5. Poor Ovarian Responder vs. Poor-Prognosis Criteria

PIVET studies on the poor prognosis group of women need to be considered as distinct from those applying the Bologna criteria for the poor ovarian responder (POR). The latter is focused on the retrieval of few oocytes at OPU as a reflection of the woman’s age and her ovarian reserve tests (AFC and AMH) [34]. However, PIVET has not focused on oocyte numbers at OPU, rather reporting on embryo utilisation rates (those oocytes that fertilise and then contribute as FETs or are cryopreserved for potential future FETs). PIVET studies on POR (Bologna) are in agreement with most reports and tend not to show any benefits from rGH, DHEA or Melatonin adjuvants, with respect to neither oocyte numbers nor live birth rates (from neither fresh embryo SETs nor the productivity of all fresh and frozen ETs). In fact, the live birth productivity rates are significantly higher for those women not utilising adjuvants. However, if one factors in the consideration of embryo quality, a different picture emerges. We regard a standard favourable IVF ± ICSI cycle as one generating 10 ± 2 oocytes leading to one fresh SET procedure and 1–3 blastocysts with Gardner grading of 3BB or higher [35], cryopreserved by Vitrification applying the Kuwayama technique [36]. Across the age ranges, the mean number of oocytes is 11.1 for women < 35 years, 9.4 for women 35–39 years, reducing to 6.5 for women aged 40–44 years and 4.0 for those women aged ≥ 45 years. Our two most recent studies classify those treatment cycles where, after the fresh SET, no embryos proved suitable for cryopreservation, as one of poor embryo quality, affecting almost 47.5% of the women having autologous treatments at PIVET.

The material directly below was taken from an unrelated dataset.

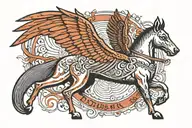 A melancholic doberman with wings of a pegasus horse with wings tattoo design idea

6. Key Laboratory and Clinical Outcomes from Adjuvant Studies

One or more of the three adjuvants was utilised in 28% of autologous IVF ± ICSI cycles conducted at PIVET. Oocyte numbers at OPU were not influenced by any of the adjuvants, nor was the oocyte fertilisation rate. However, for those women classified as acceptable embryo quality (with at least one embryo cryopreserved), embryo utilisation was higher from rGH for those aged > 40 years. However, our studies did not translate into any improvement in the live birth productivity rates, which were always significantly in favour of the women using no adjuvants. Neither melatonin nor DHEA (alone or combined) showed any benefit on embryo utilisation rates, nor on live birth rates in this acceptable embryo quality category. However, focusing on those women with poor embryo quality, both rGH and DHEA (alone or combined) did show significantly elevated embryo utilisation rates. These elevated rates were especially marked among those women aged ≥ 40 years with low ovarian reserve indices as well as those with low IGF-1 levels or those with repetitive implantation failure RIF (classified as no pregnancy ensuing from ≥3 embryo transfer procedures). With respect to live births, all the poor embryo quality subgroups showed low rates, including those who did not utilise adjuvants, and there were no significant differences among the rates for nil vs. either rGH or DHEA or rGH+DHEA. Melatonin showed no benefits for neither embryo utilisation nor for live birth rates, and the rates were significantly lower than other adjuvants or for nil adjuvants. With further studies investigating the influence of several poor prognosis factors, we did show that those women with poor embryo quality and with advanced age ≥ 40 years, along with AFC Group E and low IGF-1, had significantly higher embryo utilisation rates, which translated through to elevated pregnancies, reduced miscarriages (early pregnancy losses) and significantly higher live birth outcomes [20].

7. Validity of Data

Critics of adjuvant use would say “I told you so”, meaning adjuvants are not useful [37,38] and add to the expense of an already costly treatment mode for infertility, especially that of rGH. However, we would point out that the vast number of studies reported have been conducted on small numbers, far fewer than the 400 required for a relevant randomised controlled trial. Although our studies are observational, with retrospective analysis, they are conducted on large numbers embracing 3637 cycles overall and include 1727 cycles classified as poor prognosis due to poor embryo quality. Furthermore, the treatment protocols are totally standardised with ovarian stimulation conducted under a strictly controlled FSH-dosing algorithm designed to totally avoid the problem of OHSS (which it did), as well as avoiding the disappointment of a freeze-all strategy, which occurred infrequently as the rate of women with ≥20 oocytes was only 4%, indicating that the algorithm is working effectively at both ends of the spectrum (providing adequate oocytes across a rising age range and avoiding excessive responses for those with high ovarian reserve tests). Furthermore, the SET policy and single embryo FET protocol provide the optimum live birth productivity rate from a single initiated autologous IVF ± ICSI treatment cycle. This approach also enables a continuing satisfactory live birth rate for RIF cases [39].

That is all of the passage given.